# Shinden trial



## SM79Sparviero (Oct 29, 2005)

A video about Kyushu Shinden.I have found it on GREAT PLANES community forum


http://www.vit.or.jp/~tomo/gami/movie1/shinden.mpg


----------



## Gnomey (Oct 29, 2005)

Nice video SM79. It was a case of too little to late for the Japanese. As the tests only started on August the 2nd there was no chance of active service for it.
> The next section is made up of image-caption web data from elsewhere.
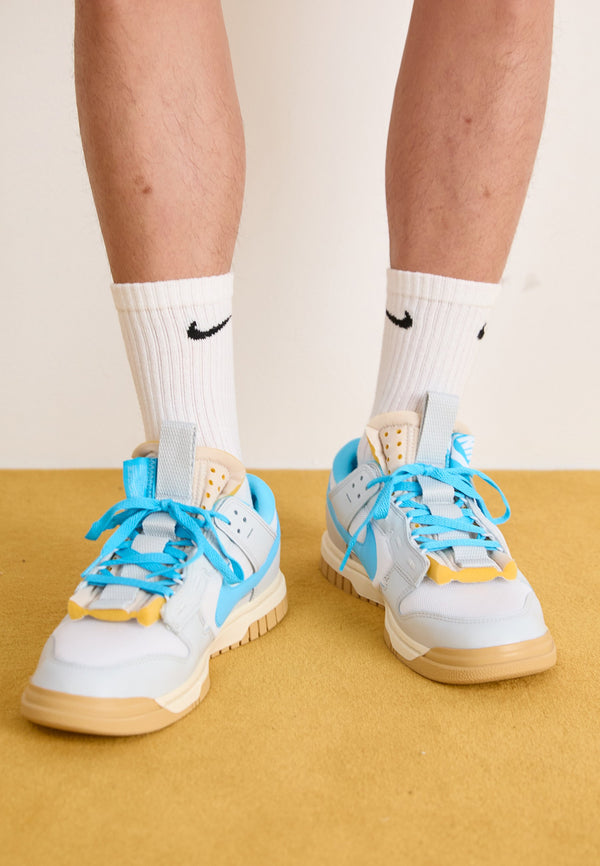 Nike Air Dunk Jumbo - White / Baltic Blue / Photon Dust / Pale Ivory / Sesame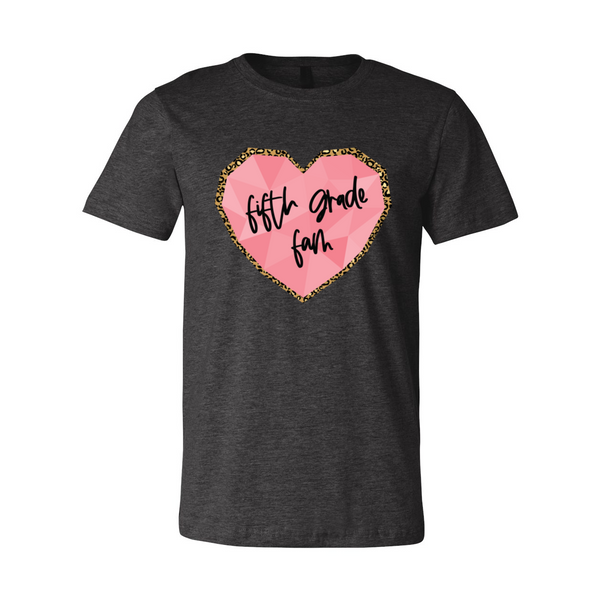 Fifth Grade Fam Heart Tee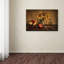 Art mural sur toile tendue - «Girasoles En La Cocina» de Juan Luis Seco pour décoration de salon, de chambre à coucher ou de bureau - 12 x 19-22373700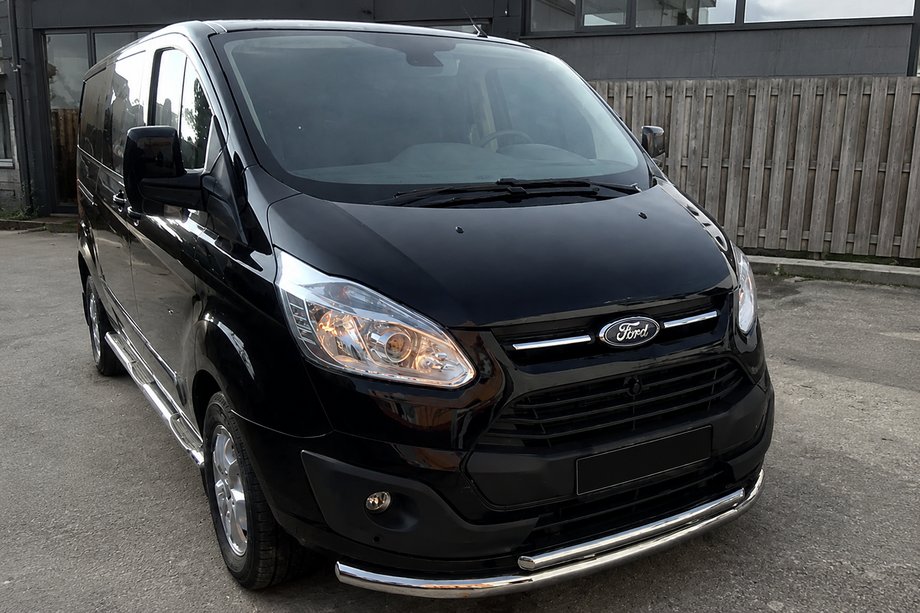 Ford Custom 2013-2022 Frontschutzbügel ST014 (Edelstahl) 60/42 mm Image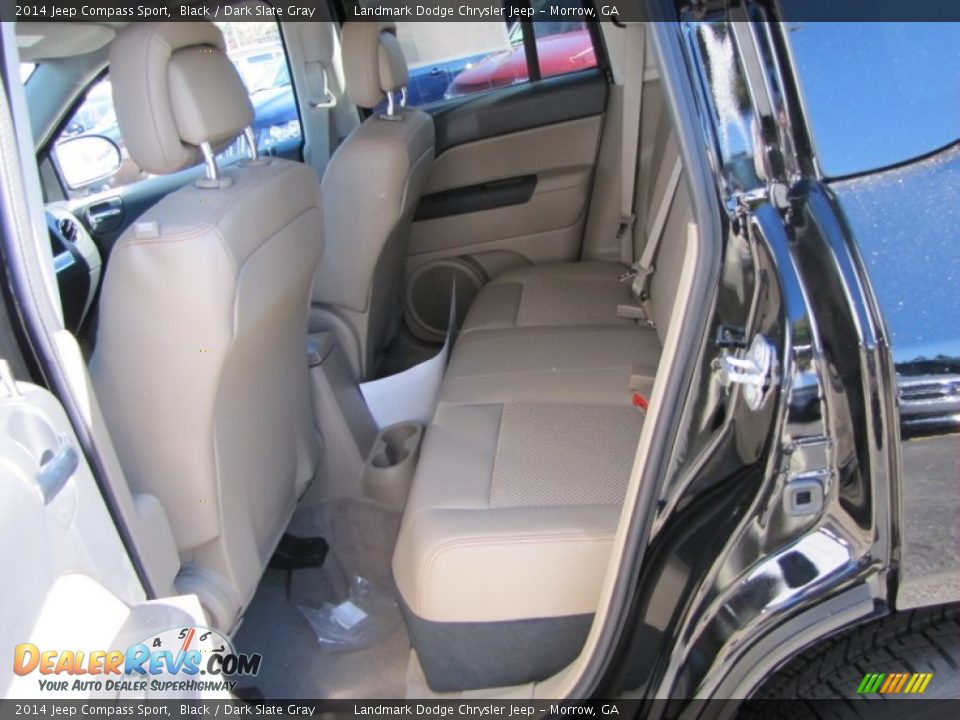 2014 Jeep Compass Sport Black / Dark Slate Gray Photo #7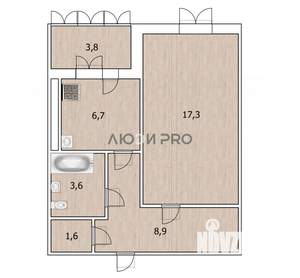 1-к квартира, вторичка, 40м2, 1/9 этаж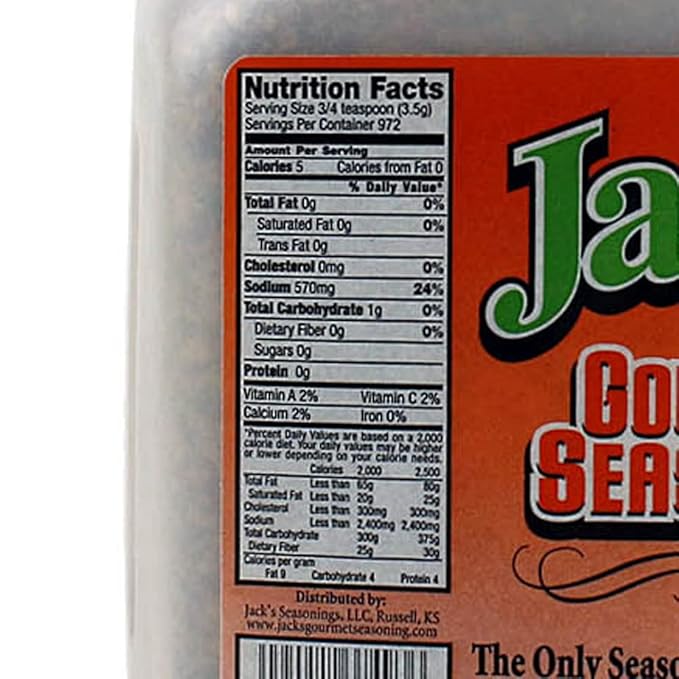 Jack's Seasoning 7.5lb Gourmet Special Blend Spices BBQ Rub Large Container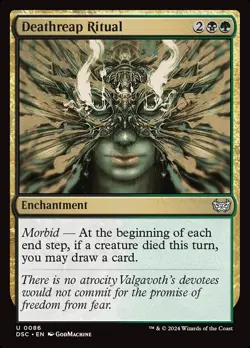 Deathreap Ritual 0086 Non Foil Uncommon Duskmourn MTG Near Mint - Image 1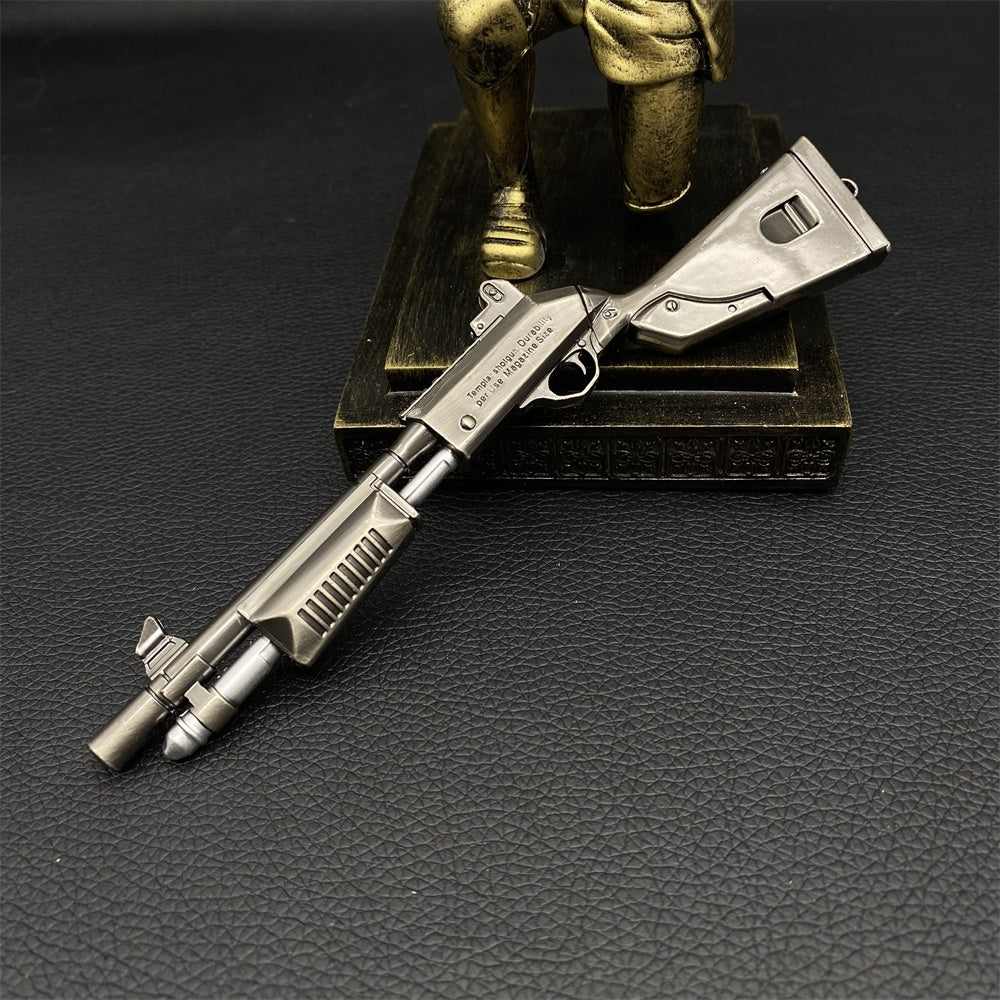 Miniature Metal Pump Shotgun 17CM/6.7" - Tophatter Daily Deals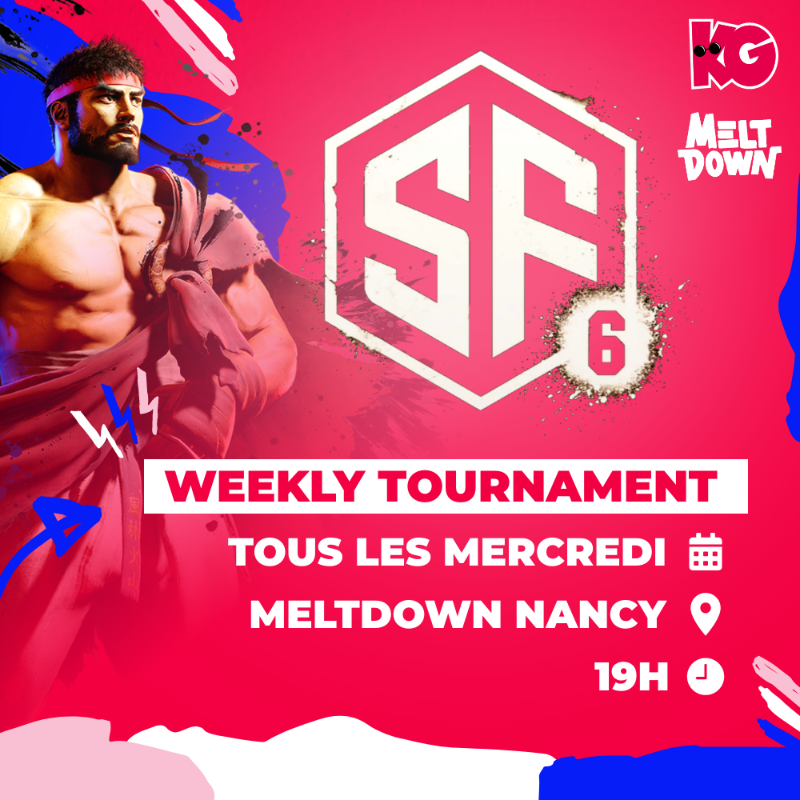 KaioGaming's tweet photo. Fight ! 🥊

Après Smash c'est au tour de Street Fighter d'avoir sa weeklie. Venez nous rejoindre nombreux pour sa première édition le 12 juillet à 19h au @MeltdownNancy ! 💥

Qui sera le premier champion ? 🏆

Inscription sur : https://t.co/SvXeHT3VCU https://t.co/cJzKX1gHSK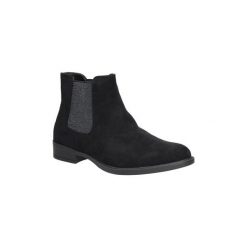 Buty zimowe damskie: Kozaki Sergio Leone Czarne sztyblety wiosenne BT301-01X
Did the Allies capture any examples after the surrender?


----------



## cheddar cheese (Oct 29, 2005)

I think they captured the one...


----------



## FLYBOYJ (Oct 29, 2005)

Interesting - for being so advanced it used an inertia starter...


----------



## SM79Sparviero (Oct 29, 2005)

> Interesting - for being so advanced it used an inertia starter...



Mosquito was a very advanced and successful aircraft even if it was made with the same material as HMS Victory.

Corsair had cloth-covered tail planes as FIAT CR-42 had.


----------



## FLYBOYJ (Oct 29, 2005)

SM79Sparviero said:


> > Interesting - for being so advanced it used an inertia starter...
> 
> 
> 
> ...



Understand - but an inertia starter required extra bodies by the aircraft at start - an electric strarter, flip a switch and go...


----------